The standard by which a court must judge prejudice is whether there is a reasonable probability the outcome of the sentencing phase of Petitioner's trial would have been different "but for" trial counsel's deficient representation. A reasonable probability is one sufficient to undermine a court's confidence in the outcome of the trial proceeding. An assessment of the probability of a different outcome must "consider the totality of the available mitigation evidence—both that adduced at trial, and the evidence adduced in the habeas proceeding—and reweig[h] it against the evidence in aggravation." Sears v. Upton, 561 U.S. 945, 130 S.Ct. at 3266-3267.
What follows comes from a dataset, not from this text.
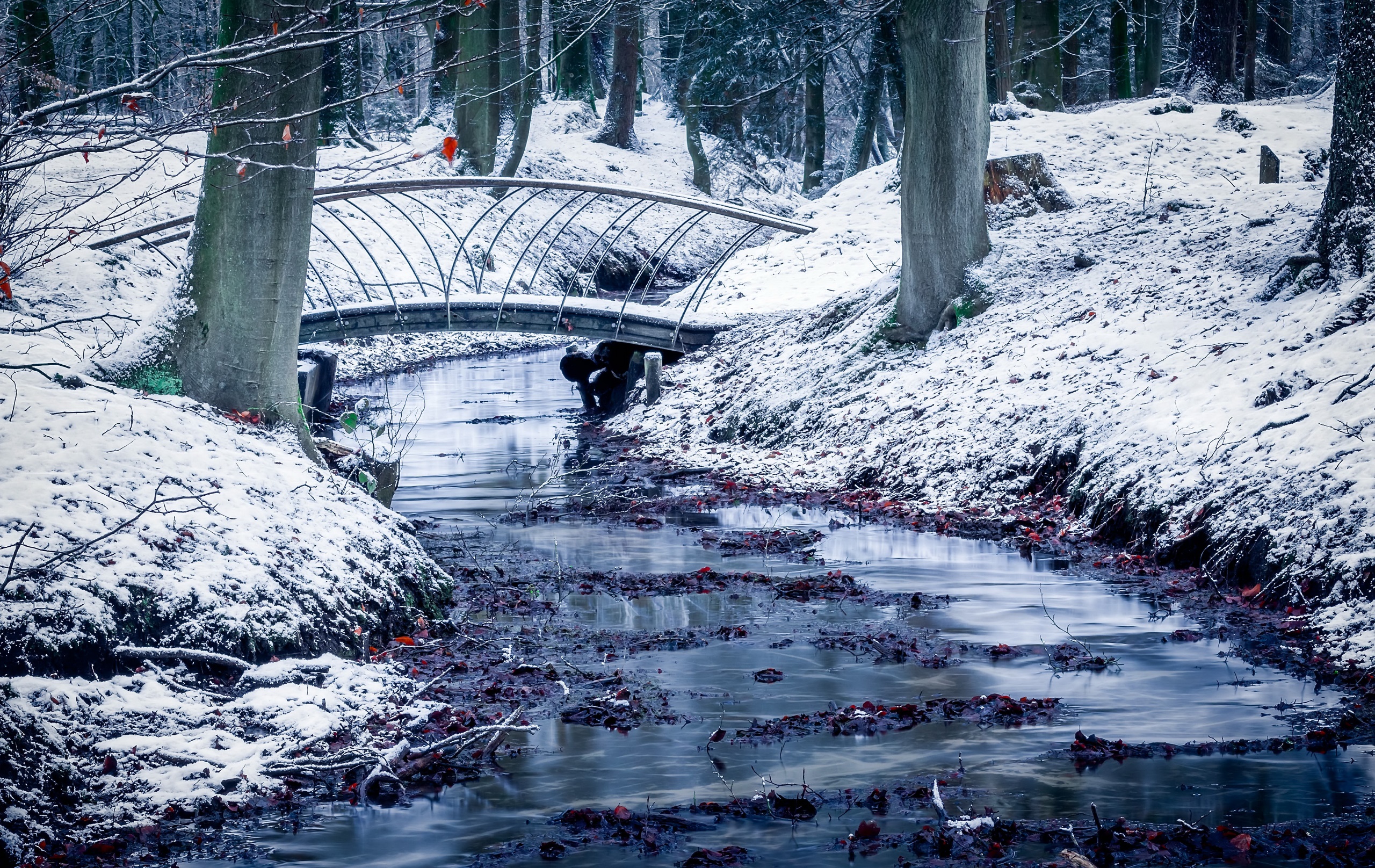 cold, Bridge, Winter, Snow, Water Wallpaper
It is the conclusion of this Court there is, at a minimum, a reasonable probability Petitioner would not have received a sentence of death if the mitigating evidence presented this Court had been presented to the trial court jury. Petitioner has suffered prejudice as the result of the constitutionally deficient performance of his trial counsel.

CLAIM FOUR

The Wyoming State Public Defender appellate counsel representing Petitioner were burdened by a conflict of interest based on their professional affiliation with trial counsel, Wyatt Skaggs, and State Public Defender Ken Koski, whose personal and professional interests were adverse to Petitioner's interests, and who actively undermined the ability of appellate counsel to investigate and pursue legitimate claims of ineffective assistance of trial counsel.
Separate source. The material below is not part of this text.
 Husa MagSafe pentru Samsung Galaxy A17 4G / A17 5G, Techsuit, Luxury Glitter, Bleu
The "conflict of interest" which Petitioner alleges in this, his fourth claim, is not one in the traditional sense in which an attorney has "abandoned his 'duty of loyalty' to his client" through a conflict. Osborne v. Shillinger, 861 F.2d 612, 625 (10th Cir. 1988); Wood v. Georgia, 450 U.S. 261, 267 (1981); Fisher v. Gibson, 282 F.3d 1283, 1291 (10th Cir. 2002). His claim rather asserts his Wyoming State Public Defender appellate counsel was constitutionally deficient based, once again, on a failure to adequately investigate his background, character, and mental health, which failure was caused by an internal conflict within the Wyoming State Public Defender Office between his appellate counsel and his trial counsel which undermined the investigative efforts of appellate counsel. The Court will address Petitioner's claim from this perspective.

Petitioner was represented on appeal by an evolving team of attorneys from the Wyoming State Public Defender Office. The initial team included Tina Kerin (now "Olson"), Donna Domonkos, Ryan Roden, and Diane Lozano. [Doc. 263, p. 165 line 25; p. 166 lines 1-8]. Ms. Olson, Ms. Domonkos, and Mr. Roden were, at that time, the entire Wyoming State Public Defender Office Appellate Division. [Doc. 263, p. 148 lines 18-22]. Petitioner's appellate team eventually included Marion Yoder, following the departure of both Ms. Domonkos and Ms. Lozano. [Doc. 263, p. 166 lines 9-25; p. 167 lines 1-21]. Mr. Kenneth Koski was the State Public Defender at the time of Petitioner's trial and appeal, and Mr. Skaggs was the capital trial "unit." [Doc. 86-3, p. 18 lines 13-18].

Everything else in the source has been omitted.